Decision theoretic set estimation
Outline
Topics
- Deriving a set estimate from decision theory.
Rationale
We have seen in week 2 some examples of set estimates (quantile based, highest density set).
These are actually special cases of decision theory with specific choices of loss functions.
This page provides a general framework to answer the question: “how to summarize a posterior distribution with one set?”
Context
- The weakness of point estimates is that they do not capture the uncertainty around the value.
- Idea: instead of returning a single point, return a set of points
- usually an interval,
- but this can be generalized
- Bayesian terminology: credible interval (\(\neq\) frequentist confidence intervals)
- Goals:
- We would like the credible interval to contain a fixed fraction of the posterior mass (e.g. 95%)
- At the same time, we would like this credible interval to be as short as possible given that posterior mass constraint
Bayes estimator formalization
Pick:
- \(A = \{[c, d] : c < d\}\),
- consider the loss function given by \[ L([c, d], x) = \mathbb{1}\{x \notin [c, d]\} + k (d - c) \] for some tuning parameter \(k\) to be determined later.
We get:
\[ \begin{aligned} \delta_{\text{B}}(Y) &= \operatorname{arg\,min}\{ \mathbb{E}[L(a, X) | Y] : a \in A \} \\ &= \operatorname{arg\,min}\{ \Pr[X \notin [c, d] | Y] + k(d - c) : [c,d] \in A \} \\ &= \operatorname{arg\,min}\{ \Pr[X < c|Y] + \Pr[X > d |Y] + k(d - c) : [c,d] \in A \} \\ &= \operatorname{arg\,min}\{ \Pr[X \le c|Y] + 1 - \Pr[X \le d |Y] + k(d - c) : [c,d] \in A \} \\ &= \operatorname{arg\,min}\{ \Pr[X \le c|Y] - \Pr[X \le d |Y] + k(d - c) : [c,d] \in A \} \end{aligned} \]

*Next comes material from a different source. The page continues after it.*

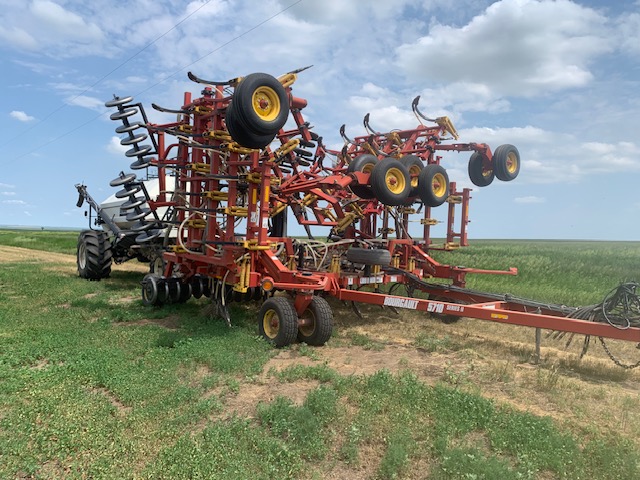 2004 Bourgault 5710 Air Drill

Here we assume the posterior has a continuous density \(f\) to change \(<\) into \(\le\). We have also used that removing “\(+1\)” does not change the value of the \(\operatorname{arg\,min}\).

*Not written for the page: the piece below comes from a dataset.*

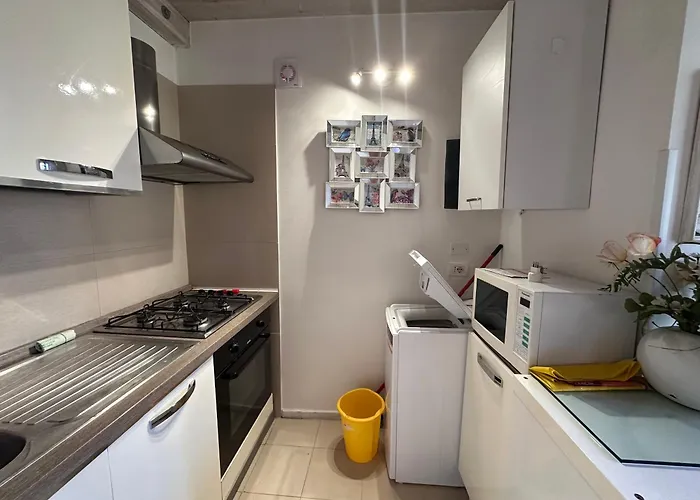 3 Min To Ac W Garden Or Balcony - Il Lupo Affitta Apartman *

As we did with point estimation, we take the derivative with respect to \(c\) and set to zero (then will do the same thing for \(d\)).

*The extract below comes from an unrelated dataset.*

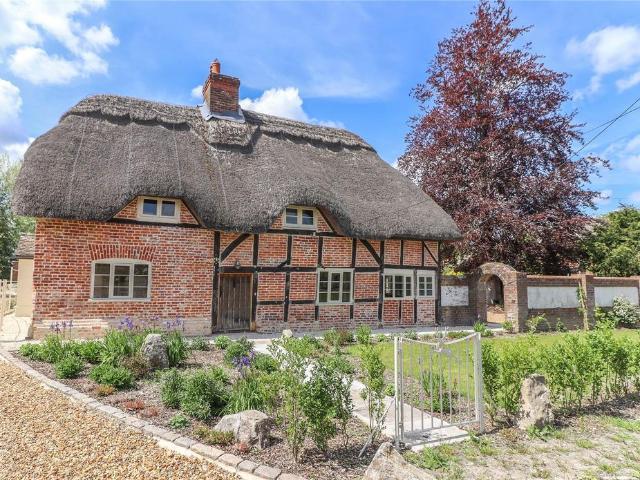House for sale in Barton Stacey, Hampshire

Notice that \(\Pr[X \le c|Y]\) is the posterior cumulative distribution function (CDF)1, so taking the derivative with respect to \(c\) yields a density:2
\[ f_{X|Y}(c) - k = 0, \]

so we see the optimum will be the smallest interval \([c, d]\) such that \(f(c) = f(d) = k\).
Finally, set \(k\) to capture say 95% of the mass (area in red in the figure shows a 50% example, we would lower \(k\) to get to 95%).
Footnotes
Recall that a CDF is defined as \(F(x) = \mathbb{P}(X \le x)\). So a posterior CDF is just \(\mathbb{P}(X \le x | Y)\).↩︎
Let us review the argument why “taking the derivative … yields a density”. Let \(f\) denote a density and \(F\), the CDF of the same random variable. From the definition of a density, \(F(x) = \int_{-\infty}^x f(x') \mathrm{d}x'\) (i.e., take \(A = [-\infty, x]\) in the definition of a density). Hence by the Fundamental theorem of calculus (i.e. the fact that an integral is an “anti-derivative”), we have that \[f(x) = \frac{\mathrm{d}F(x)}{\mathrm{d}x},\] when the derivative exists.↩︎